From the baldie:
- Some unusual Neolithic rock paintings. Apparently the locals used to take tourists to visit them and, to improve their colour and line, throw buckets of water over them. Once almost everything had been washed away, the authorities acted with characteristic firmness, building a 4m wall-with-spikes around the complex. The locals now explain to all who wish to know how to climb over this without severing goolies, and a colony of griffon vultures circles in case they are wrong. No buckets, though, and droppings suggest foxes have taken up residence.
- A grandad, not archaeological material himself, but who in the 1940s looted an Iberian settlement. Apparently he has a bronze figurine at home which I have promised to visit next time.
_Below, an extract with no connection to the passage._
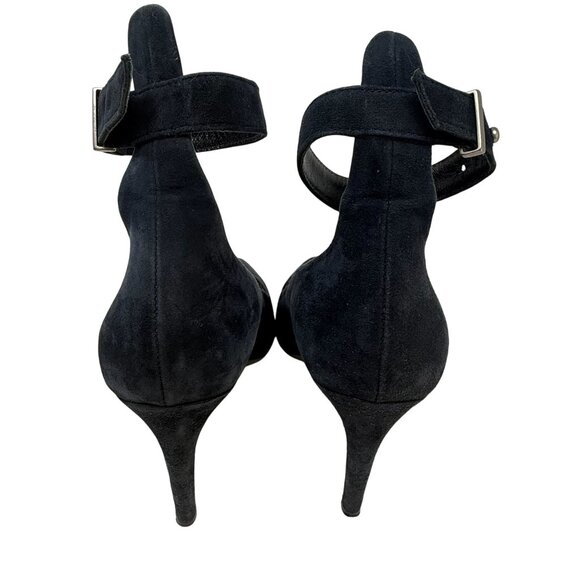 Maje Blue Suede Heels Detachable Brown Faux Fur Cuffs Pointed Toe 37 US 6.5 - Picture 10 of 12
Someone should be given a scooter and sent round to all villages like this to negotiate with the old men, because their grandchildren will most assuredly throw everything like this and the fridge into the nearest ravine.
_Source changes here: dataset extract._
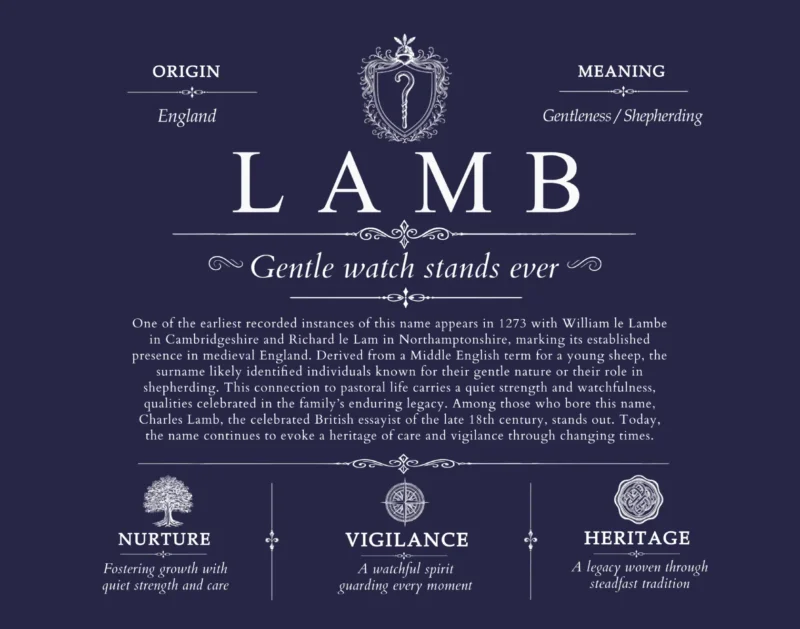 Lamb personalized last name meaning in Navy Blue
Apart from recovering plunder, there’s also a wealth of stuff out there that doesn’t turn up in the cosy municipal ethnographical museums (typical contents: a couple of ploughs, a milking stool, and a colourful scarf) or in the few academic studies. But with even Spanish army maps frequently getting place names wrong there’s little reason to hope the authorities will do anything remotely useful.
(Southern European military maps are generally dreadful, and it’s a wonder that the parties in the Spanish Civil War managed to find one another at all in order to engage in combat. I believe the French suffered calamities of this nature in the 1800s. My theory is that where the British sought to handicap the enemy by destroying maps and street signs, the Spanish, Greeks and Italians took the more lateral route of creating defective ones.)